As condenações impostas ao ex-ativista foram feitas à revelia. A prova mais consistente sobre sua alegada participação nos delitos repousaria em depoimentos obtidos por meio da chamada “delação premiada”. Dois dos crimes de sangue que lhe foram imputados teriam sido “cometidos” em locais bem diferentes, numa mesma hora. De outra parte, outros ativistas radicais do grupo de Battisti, também acusados de atos contra o Estado italiano, continuam desfrutando na França, sem que o governo de Paris seja questionado, da mesma liberdade de ir e vir que Cesare possuía antes de fugir para o Brasil. Se extraditado, o ex-ativista ficaria sujeito a perseguição política e correria risco de vida. Essa alegação é retrucada, pela parte adversária, com a afirmação de que, sendo um Estado democrático e de Direito, a Itália garantirá sua segurança na prisão.
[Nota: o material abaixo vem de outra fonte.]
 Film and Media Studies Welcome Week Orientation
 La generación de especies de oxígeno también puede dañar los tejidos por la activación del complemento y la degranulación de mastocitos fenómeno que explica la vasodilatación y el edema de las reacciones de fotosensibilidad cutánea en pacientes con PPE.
A tramitação do processo desencadeado a partir do pedido de extradição acusa, entre outros lances significativos, a decisão do então Ministro da Justiça, Tarso Genro, concedendo a Battisti a condição de refugiado político. O governo italiano recorreu da decisão ao Supremo Tribunal Federal. Por contagem apertada, reflexo dos aspectos controversos da questão, o STF cassou o refúgio político concedido, admitindo que, sob o prisma jurídico, a extradição merecia deferimento. Mas, ao mesmo tempo, entendendo que o julgamento conclusivo a respeito da conveniência e oportunidade de se atender ao pedido italiano caberia ao chefe do Estado brasileiro. O Presidente Lula, amparado em amplo parecer da Advocacia Geral da União (AGU), optou pela não extradição, submetendo a decisão ao crivo do Supremo.
Já antes mesmo do arremate do Presidente, baseados em notícias extra-oficiais acerca da propensão brasileira de manifestar-se contrariamente aos desejos italianos, porta-vozes do governo de Roma expenderam comentários desairosos à pessoa de Lula. A solicitação de soltura de Battisti, feita pelos seus advogados e impugnada pelos advogados do Estado italiano, foi negada pelo presidente do STF, Cezar Peluzo, numa demonstração de que a Corte Suprema voltará a se manifestar sobre a palpitante e controvertida questão.
Tem-se, pois, por certo que o último capítulo da história ainda está por ser escrito. Enquanto isto, defensores e adversários da extradição continuam acumulando teses inflamadas com vistas a convencerem a atônita opinião pública do acerto de seus posicionamentos. Duas respeitadas vozes do jornalismo brasileiro dão eco ao componente controverso da questão: “Dar guarida a um delinquente comum em nome da soberania nacional é patético”, diz Mino Carta. “Trata-se, simplesmente, de uma questão de justiça (...). A ira italiana é encenação pura (...). Lula acertou ao não extraditar”, comenta Leonardo Attuch.